*** Begin section ***

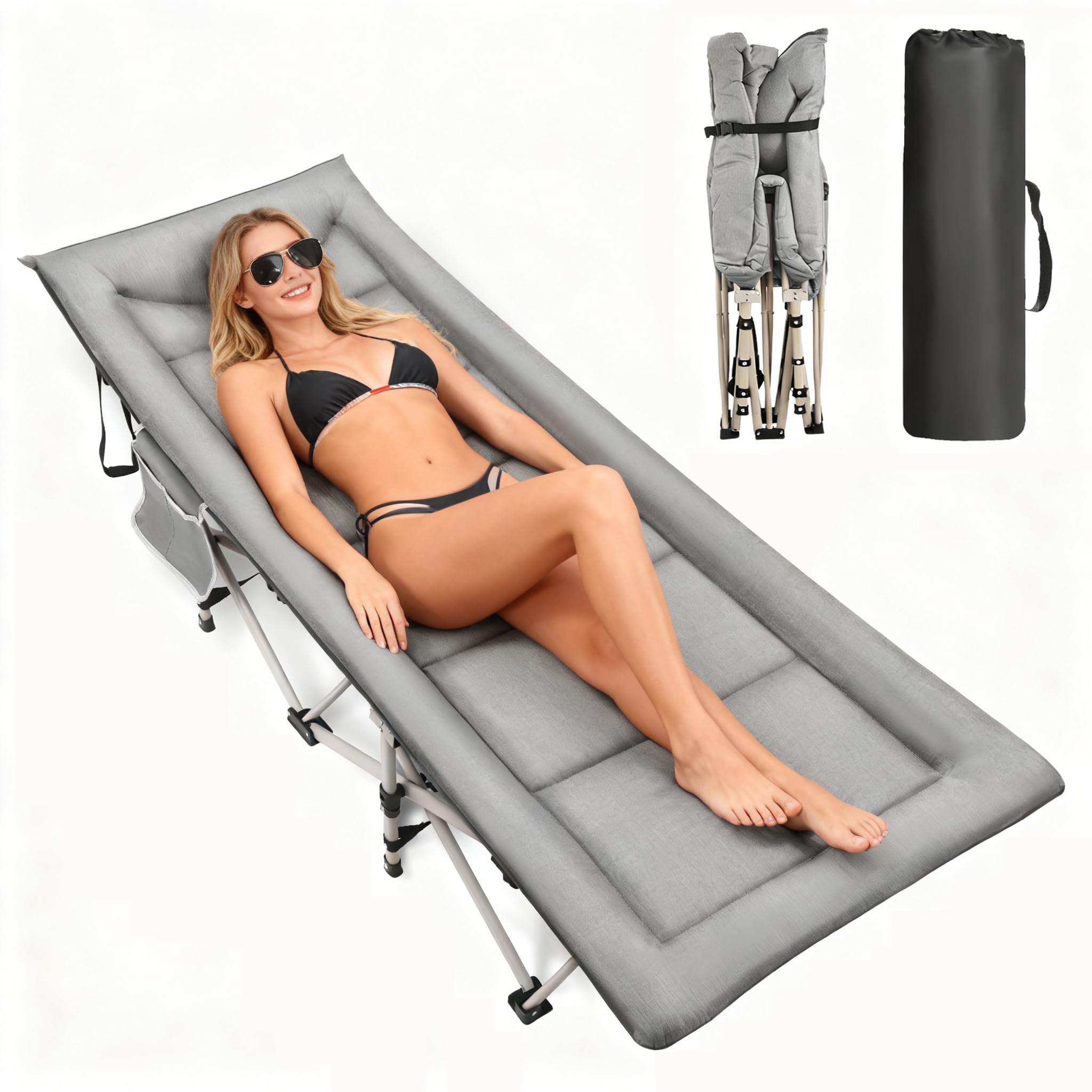 Cama plegable de camping, capacidad de carga cama plegable cama de invitados, cama plegable/tumbona de camping con colchón, bolsillos laterales, respaldo ajustable, 190 x 68 x 40 cm – hasta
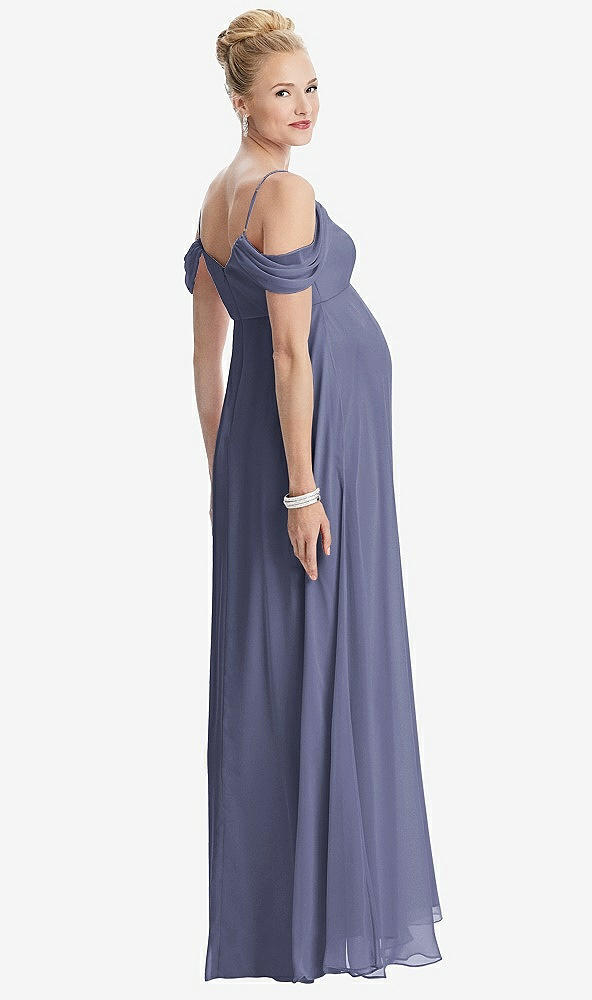 Back View - French Blue Draped Cold-Shoulder Chiffon Maternity Dress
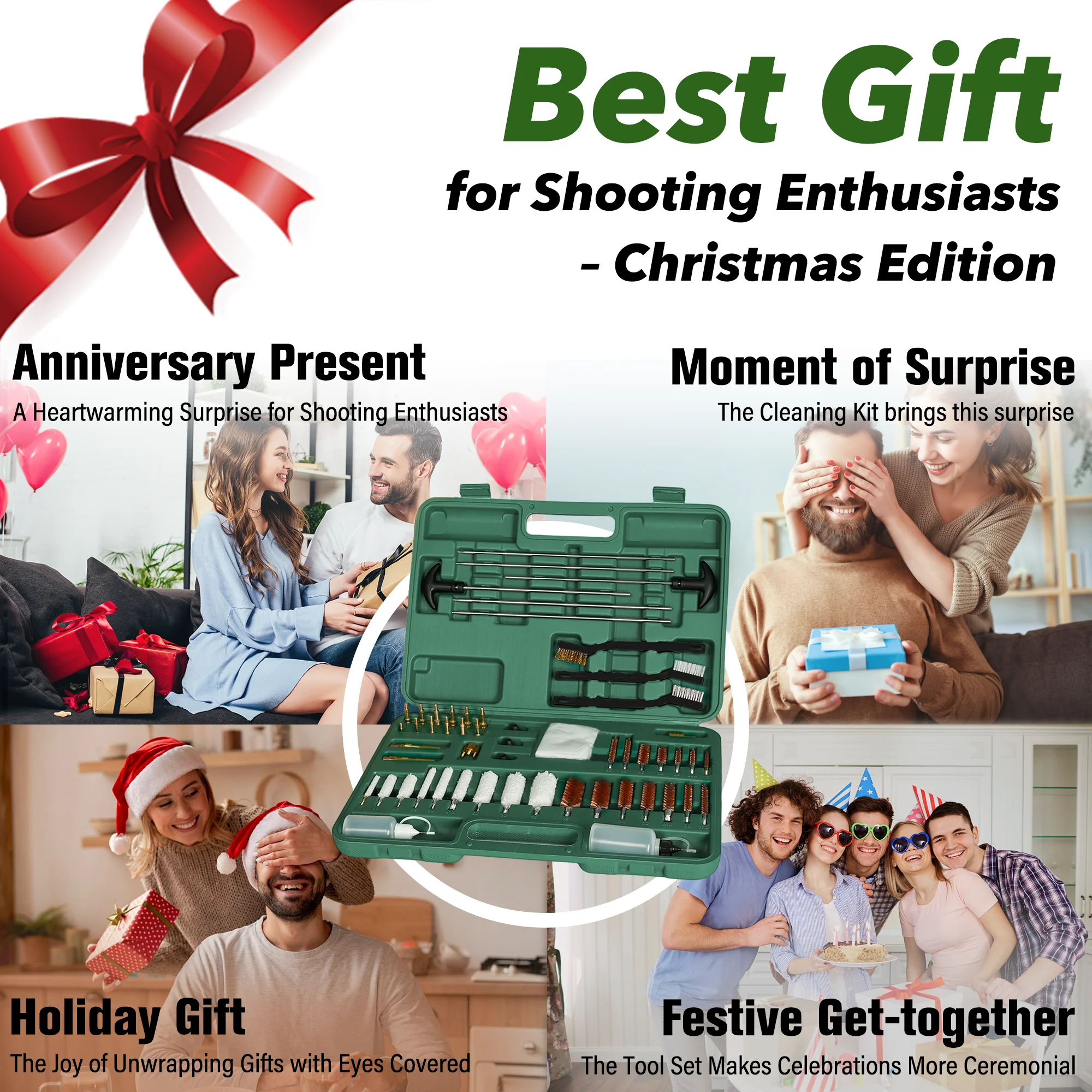 59 Pcs Universal Premium Gun Cleaning Kit Compatible with Rifle Pistol Shotgun for All Caliber w/ Brass Accessories Ideal Gift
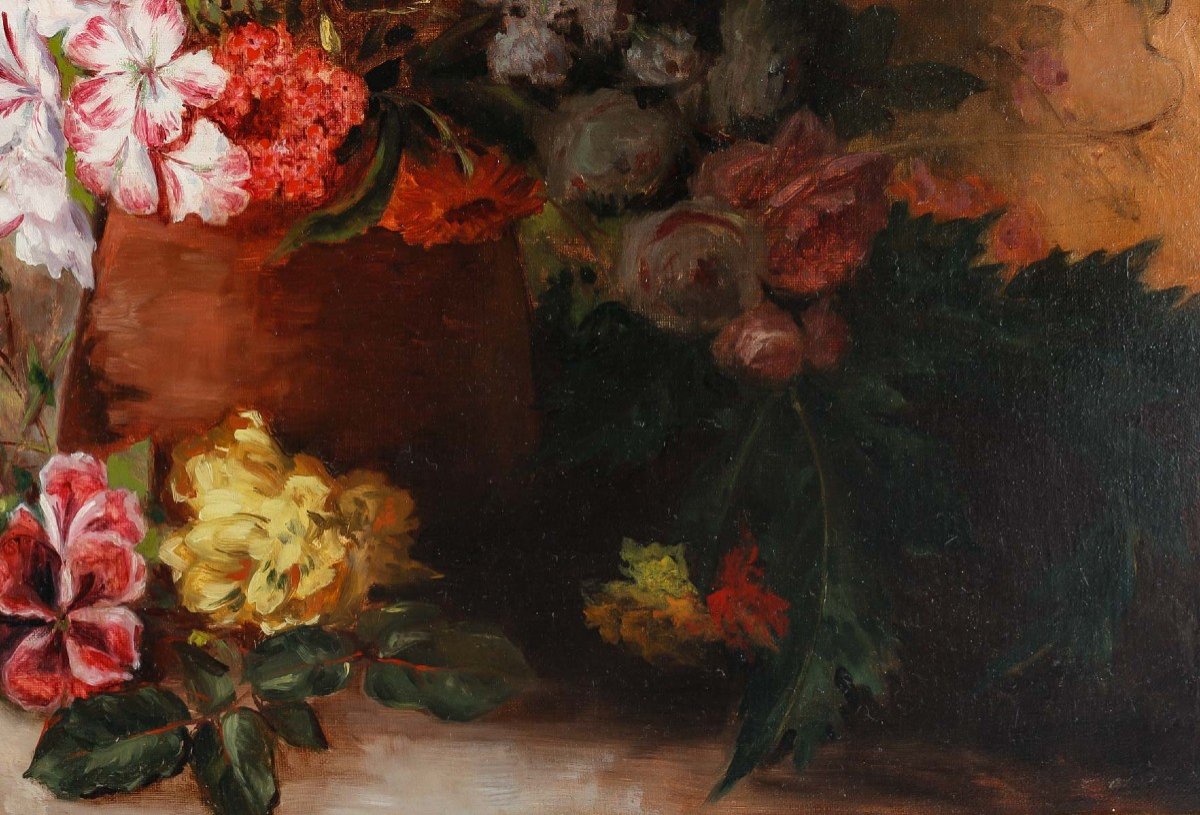 Victor Bourgeois (1870-1957). Bouquet De Fleurs.-photo-4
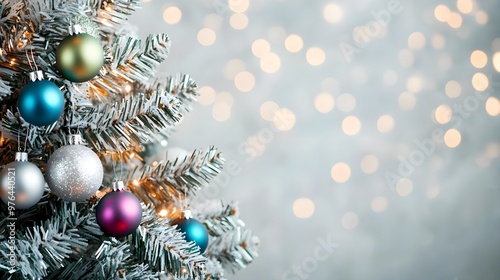 Festive Christmas Tree with Ornaments and Lights
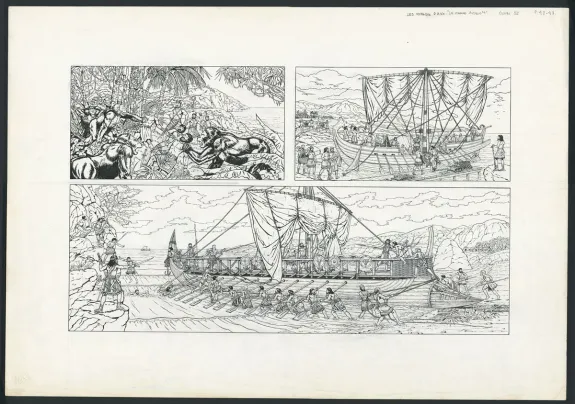 Illustration noir et blanc, Les Voyages d'Alix, La Marine Antique (T.4), Marc Henniquiau
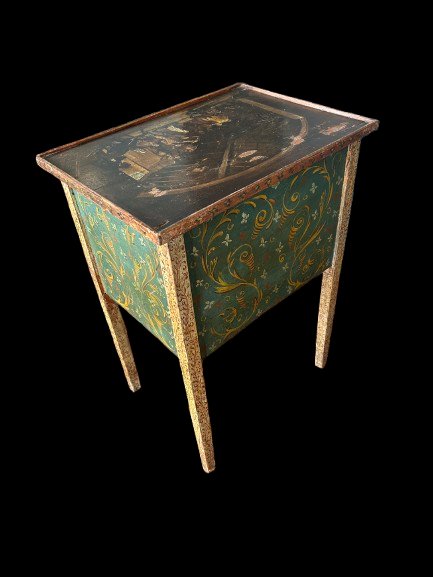 Elegante comodino francese di metà 1800 secolo in legno dipinto-photo-2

*** End section ***

=== PROBLEM STATEMENT ===
Your reply should be the lines of the records from the start through the line with "Illustration noir et", copied word for word, pictures omitted.

=== RESULT OF THIS EXERCISE ===
 Cama plegable de camping, capacidad de carga cama plegable cama de invitados, cama plegable/tumbona de camping con colchón, bolsillos laterales, respaldo ajustable, 190 x 68 x 40 cm – hasta
 Back View - French Blue Draped Cold-Shoulder Chiffon Maternity Dress
 59 Pcs Universal Premium Gun Cleaning Kit Compatible with Rifle Pistol Shotgun for All Caliber w/ Brass Accessories Ideal Gift
 Victor Bourgeois (1870-1957). Bouquet De Fleurs.-photo-4
 Festive Christmas Tree with Ornaments and Lights
 Illustration noir et blanc, Les Voyages d'Alix, La Marine Antique (T.4), Marc Henniquiau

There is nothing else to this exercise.